Tuesday, June 3, 2014

Someone with a big heart


(from Two Guys from Garfield)

June 1, 1980

The month changes with a bright sunny day and a chorus of birds cheeping and flapping outside my window.
Rent is due and the landlord’s man prowls outside like an enraged bear.
This is a monthly routine started once Stella sold the place to the new owner. I should be used to it. And the super should be used to the idea that I don’t yet have rent to pay him.
And here I sit on my muted-colored rug listening to his voice roar through the fan.
I want to tell him I really do have a job again and he’ll get his money when I get mine, but I’m scared even to do that. Money had been sparse since I left the band.

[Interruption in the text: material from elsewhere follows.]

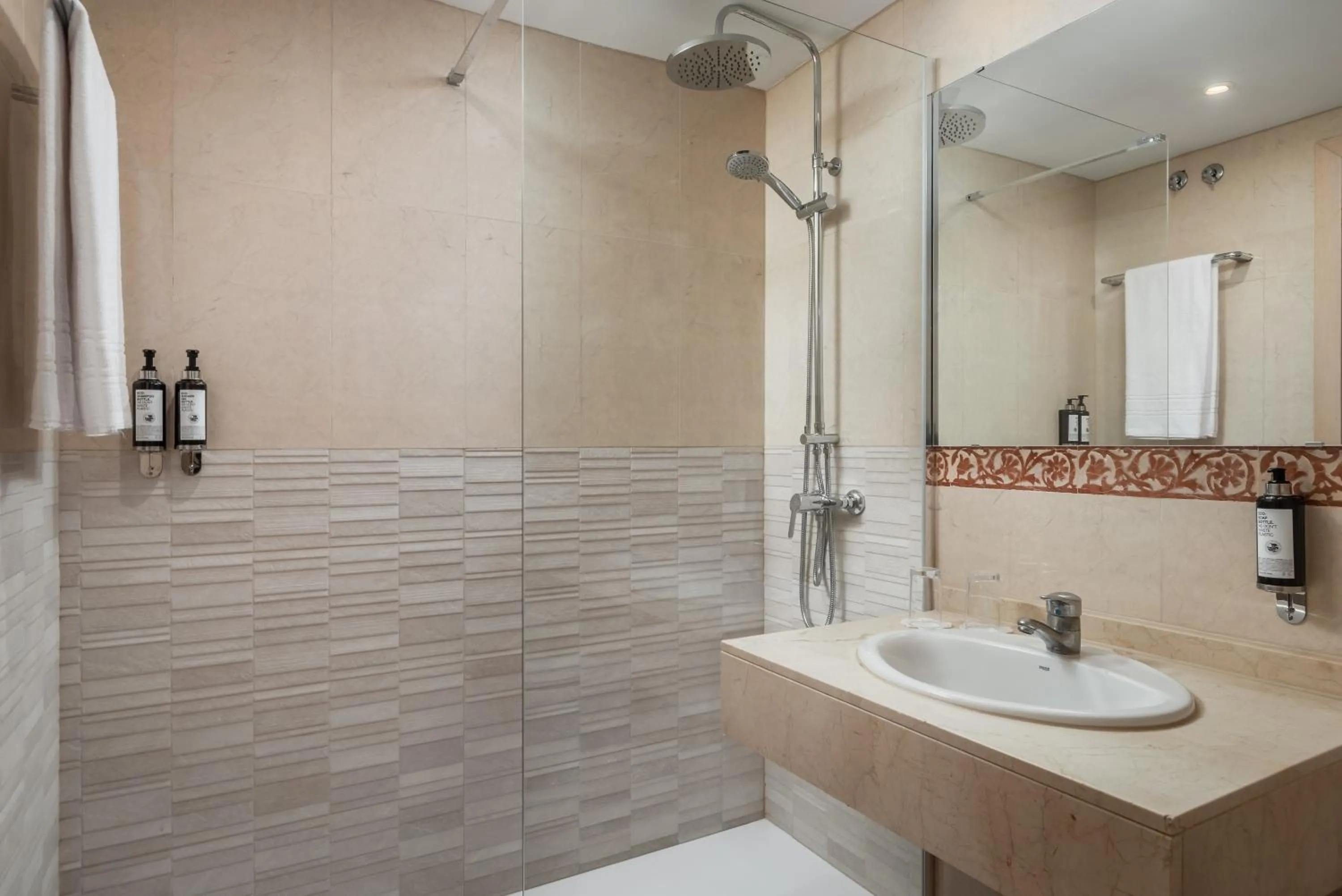 Bathroom in Sunotel Aston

It rained last night. So the air is fresh and clean this morning, like air near the sea, and I wish I was on the beach listening to the ocean’s roar rather than my landlord, feeling the sun scorch my skin.
I heard the cry of a gull – not from the ocean, but from the nearby river – and it is filled with despair. And I see it in my head as it dives towards the surface of the water to dip its beak into the ocean surface. I pretend the fan swish is the swish of its wings. I even envy it a little as it comes up with its silver fish for breakfast.

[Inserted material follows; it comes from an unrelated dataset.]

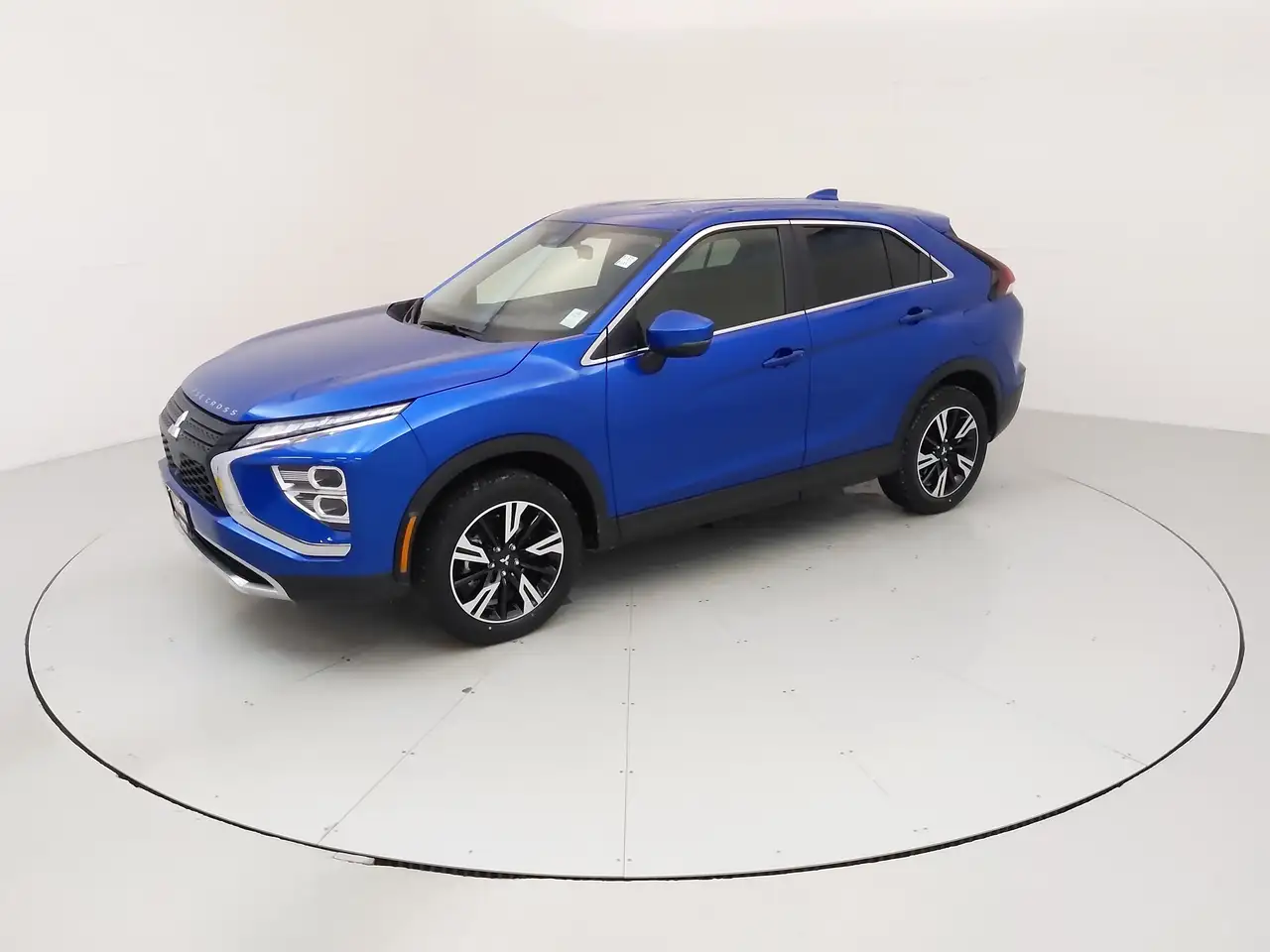 Mitsubishi Eclipse Cross снимка Mitsubishi Eclipse Cross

But I am not near the ocean, but here in Passaic, getting ready for my morning jog along the river.
I think of my job at Two Guys, and oddly, of a quiet girl named Ellen, a sweet, yet lonely girl who runs the pet department. This fits her personality.
She comes from an old fashioned local family, who might find her interest in men at the store a little disturbing. Even she feels a little put off, trying to balance her desire with her need for restraint.

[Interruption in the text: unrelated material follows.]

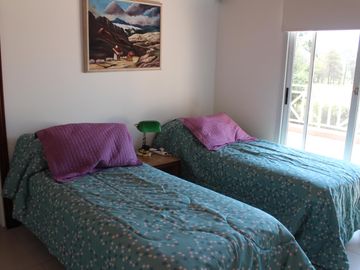 Venta , Alquiler Temporario. Casa  sobre el golf en  Golfers c.c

She looks like the all American girl with her shoulder length hair and her polished nails. But she always wears a pull over blouse that is far too tight, drawing a lot of cautious stares from the warehouse crew, who also eye the wedding ring she wears – although she has no husband to go along with it. This is a defense against the good time boys who hit on every woman in the place, hoping to get lucky.  But they’re scared of her, partly because she seems to see them the way she seems the pets she keeps, looking to put them in a cage. They say hello to her, but they keep their distance, and word has gotten around that she is “the serious type.” She wants marriage and won’t settle for anything less.
She constantly talks about her father, “that wondrous man” who guide her life.
The psychologist from the office claims she’s looking for a father image, and she laughs when she hears this.
“No, not really,” she says. “I’m just looking for someone with a big heart.”